__What is needed__.
Leaving the pictures aside, reproduce the data in full and word for word.

__Exercise data__.

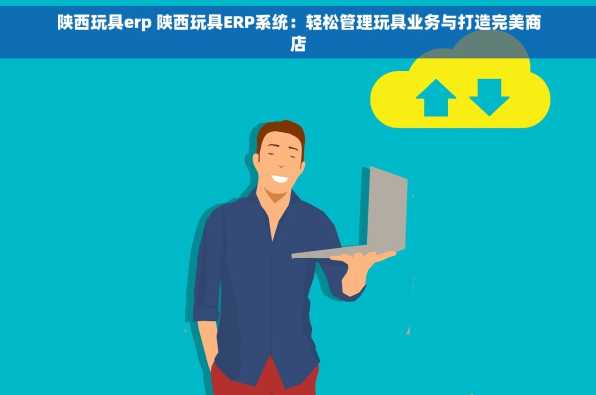陕西玩具erp 陕西玩具ERP系统：轻松管理玩具业务与打造完美商店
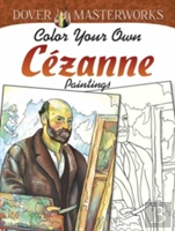 Dover Masterworks: Color Your Own Cezanne Paintings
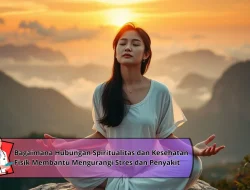 Bagaimana Hubungan Spiritualitas dan Kesehatan Fisik Membantu Mengurangi Stres dan Penyakit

__Result for this task__.
陕西玩具erp 陕西玩具ERP系统：轻松管理玩具业务与打造完美商店
 Dover Masterworks: Color Your Own Cezanne Paintings
 Bagaimana Hubungan Spiritualitas dan Kesehatan Fisik Membantu Mengurangi Stres dan Penyakit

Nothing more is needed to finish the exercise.